# Back to the same problem... The Driver...



## stanny2k (Apr 8, 2011)

*Back to the same problem... The Driver... (video)*

Hi all,

Havent posted in here for a while, but always useful tips.

I'm having serious problems with my driving again. Hitting a fairway is literally 4/18.

I've created a video (below) for you to take a look at see what you think... I can't quite figure out whats going on.

Swing - YouTube

I've been holding onto £250 for 3 weeks now, as I'm reluctant to waste another £150-£200 on a driver when 2 months later I put it on eBay. Its clearly not the driver thats the problem, it's me & my swing.

I've got a video lesson booked this evening with my local pro to hopefully nail this problem on the head, but it would be interesting to see what you guys think first.

Thanks a lot.

Ryan


----------



## GemmaD (Mar 27, 2012)

I'm not an expert but it looks like your bending your right arm to early - let us know how you get on with the lesson.


----------



## FrogsHair (Mar 4, 2010)

What's your ball flight after impact? Hooking? Slicing? Something in between? Let us know the ball's flight characteristics, and perhaps we can give you a clue to get you back on track. 

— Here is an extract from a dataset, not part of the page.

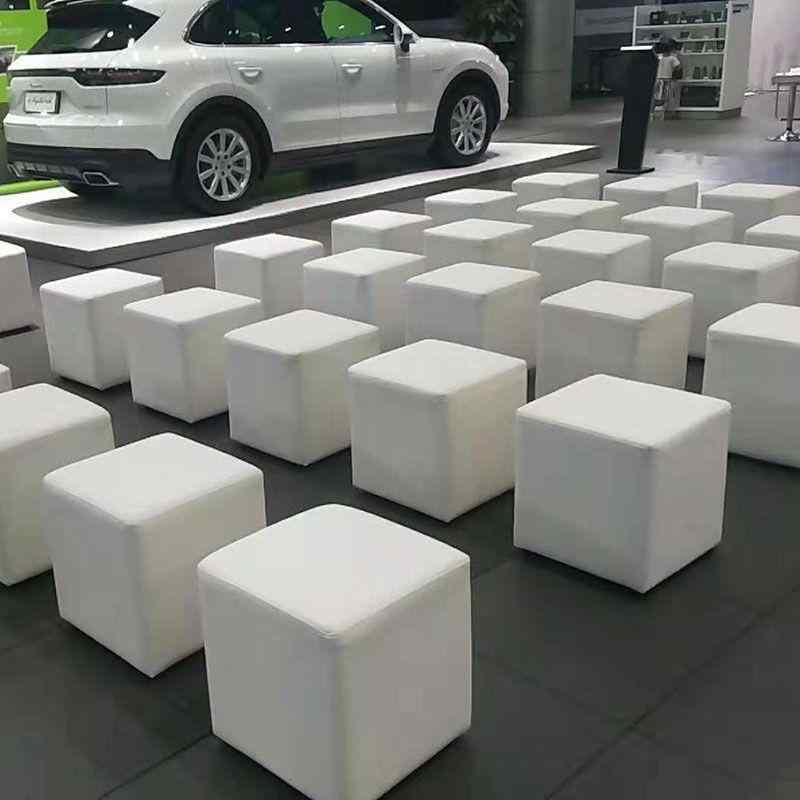 椅子 子供用 皮製 スツール 軟包 白色 正方形 イス ソファ オットマン ローチェア ミニ 椅子 イベント ..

When an instructor looks at your swing video, they only use that info after looking at the ball's flight. The ball's flight is their first clue as to what is wrong with the golfer's swing. This tells them what problem(s) to look for in the swing.


----------



## stevel1017 (Apr 30, 2007)

first I notice you are coming over the top, instead of dropping into the slot. I also notice you are losing the flex in your left leg on your back swing, and you are way past parallel with your club at the top. If you stop the slow motion one when your hands are about shoulder high, you can see the shaft is pointing inside the ball (too steep), the butt of the club should be pointing at the ball
hope some of this helps


----------